Apologies in advance, my background is in CS rather than statistics, so I may use some terms improperly.
I have a data set of a few thousand items scored on a 3 point scale, which my research indicated may be a Likert scale. A rating is a choice of "Not Recommended" / "Recommended" / "Best". Not every item has been rated the same number of times, some may have dozens of ratings and others will be in the high hundreds.
What method(s) can I use to rank all the items in my data set? By rank, I mean in the sense of having a #1, #2, #3, etc. I believe this would be an ordinal ranking? I have no preference for whether ties are allowed. I've found the Mann-Whitney and Wilcoxon tests but I'm not sure if they're relevant or applicable.
Is there a "right" way to blend these scores into a single (weighted?) number? What kind of penalty should I apply to items with a relatively small number of ratings?

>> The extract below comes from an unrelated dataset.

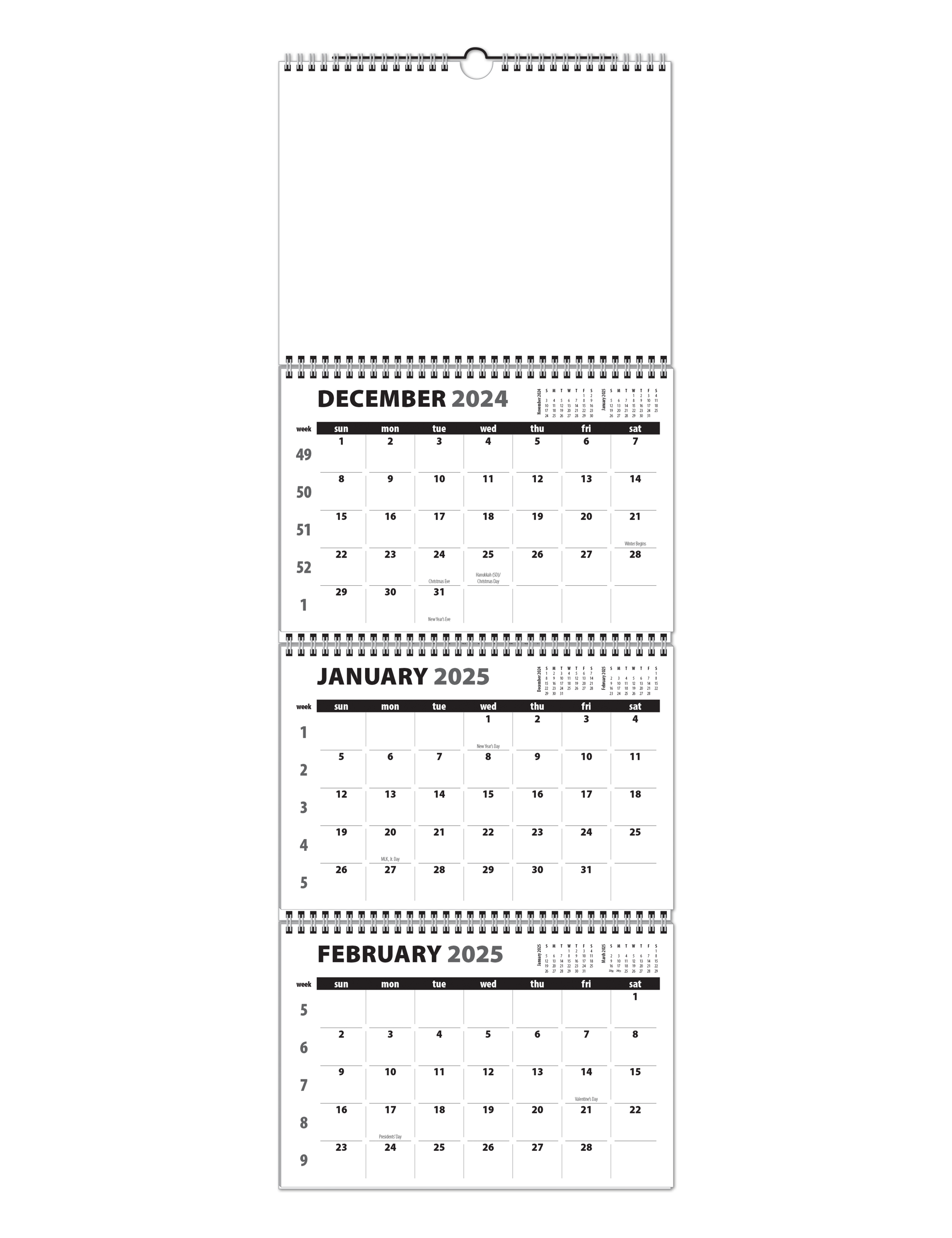 Single Photo, 3Month/4Panel Wall Calendar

My first thought is to apply the formula [(W1*N1) + (W2*N2) - (W3*N3)] / (N1 + N2 + N3)
, where Wx is the label weight and Nx is the number of times that item has received that label. Then I kicked myself for playing armchair statistician. I'm assuming this is a common problem (thumbs up/thumbs down, five star product rating, etc) with a common method. Unfortunately I don't know enough about the problem domain to find the answer, hence my post here.